Mel Gibson's kilts-and-claymores epic Braveheart is probably still the most iconic representation of Scotland on film, and 20 years after its original release has lost none of its appeal. The film's portrayal of thirteenth-century Highlanders has become a definitive cinematic portrait of Scottish people, customs, history and heritage.
Most people know now that historical liberties were taken in making the film, as indeed they had to be - reality is rarely as interesting or as neat as cinema audiences demand! - so here is a rough guide to the rights and wrongs of this modern classic.
For a start, the moniker 'Brave Heart' originally belonged to Robert the Bruce, whose portrayal in the film is also regularly called into question. Bruce, in reality, was a powerful and heroic king, coming to the throne in 1306, the year after Wallace's death. Bruce led the Scottish armies at the battle of Bannockburn in 1314, winning a spectacular victory over the English, and was king at the time of the Declaration of Arbroath, formally enshrining the Scots independence from England:
"... as long as but a hundred of us remain alive, never will we on any conditions be brought under English rule. It is in truth not for glory, nor riches, nor honours that we are fighting, but for freedom – for that alone, which no honest man gives up but with life itself."

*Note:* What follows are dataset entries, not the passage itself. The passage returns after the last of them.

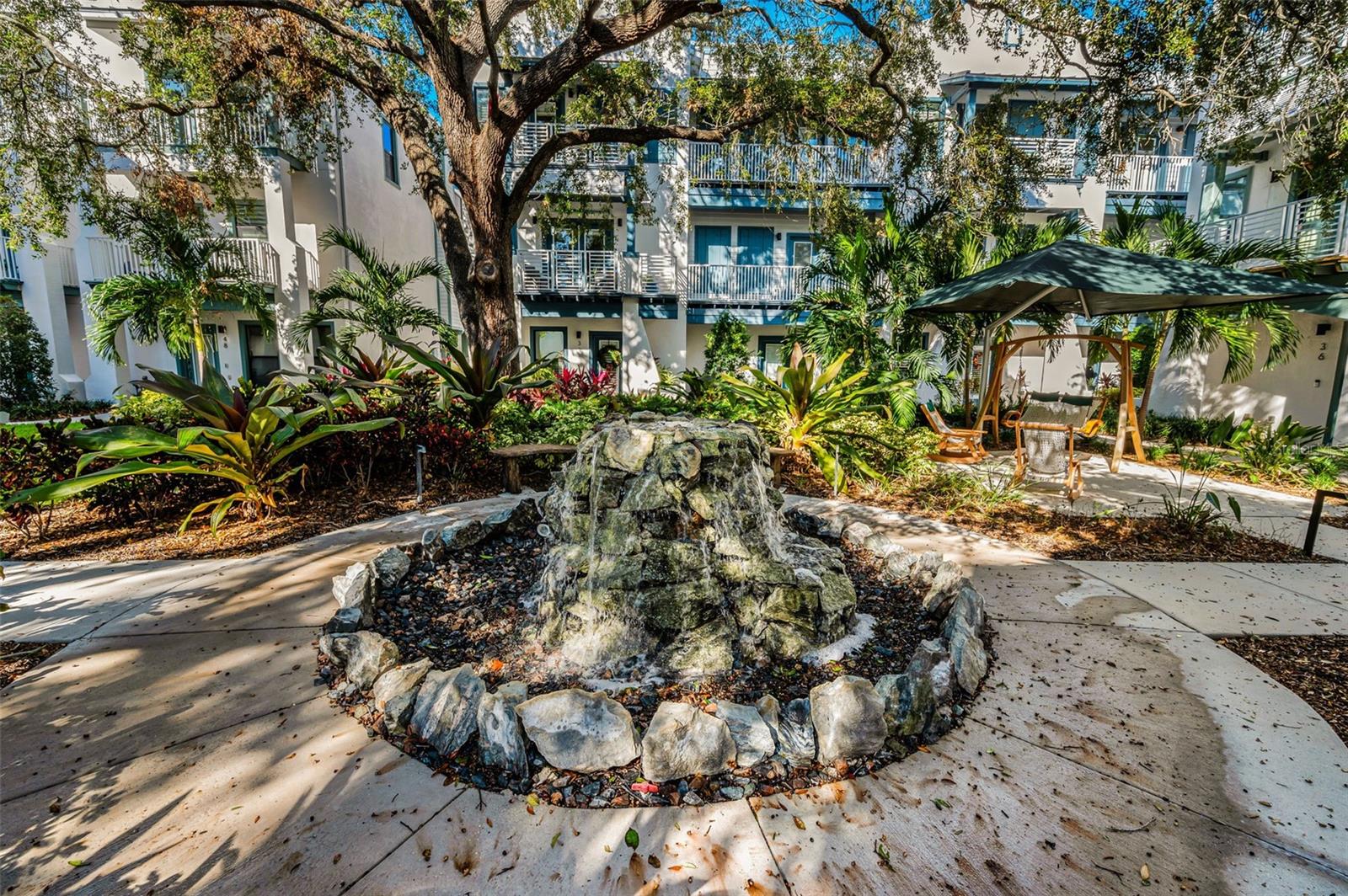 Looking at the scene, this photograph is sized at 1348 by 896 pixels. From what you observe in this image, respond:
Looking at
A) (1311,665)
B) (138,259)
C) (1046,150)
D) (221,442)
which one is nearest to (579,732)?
(1311,665)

After his death in 1329, Bruce's body was interred at Dunfermline Abbey in Fife, whilst his heart was embalmed and carried into battle and on crusades as a symbol of Scots power, before being buried at Melrose Abbey in the Scottish Borders. This was the 'brave heart' of Scottish legend.
Screenwriter Randall Wallace (no relation...) was obliged to use artistic licence in writing the backstory to Wallace's history, as no formal historical records exist of William Wallace before the 1290s. The reality is that the real Wallace is only known from the time when he began leading the rebellion against English force - as an historical figure only the last seven or eight years of his life are a matter of record. It is possible that his father was a minor nobleman in the Scots court, and that Wallace may have been knighted before the infamous victory in the battle of Stirling Bridge, rather than after it, as shown in the film. The truth is, historians just don't know!
It is also highly unlikely that Wallace ever met - or conceived a child with - Princess Isabella of France, wife of Edward II, as she would have been just around five years old at the time the film is set, and didn't arrive in England until years after Wallace's death.... She did become Queen Consort for England in 1308, at the age of just 12, after marrying Edward II against the will of his father, Edward Longshanks - in the film the marriage is forced on his son by the older king - and may later have been a key plotter in her husband's death.
The accuracy of the battles in Braveheart is worth noting. Wallace's armies did beat the English at the battle of Stirling Bridge - the precise geography of the battleground isn't shown (and the tactically important bridge is missing entirely) but the defeated English army was several times the number of the Scots'. The battle of Falkirk is a different story, however. Wallace and his men did lose here, but not because of any betrayal by Bruce, or through any specific 'dirty tricks' by the English - it's likely that the skill of the Welsh (not Irish) longbowmen (archers) was simply too great for the Scots to fight effectively. The sacking of the city of York, as shown in the film, is pure fantasy on the part of the filmmakers.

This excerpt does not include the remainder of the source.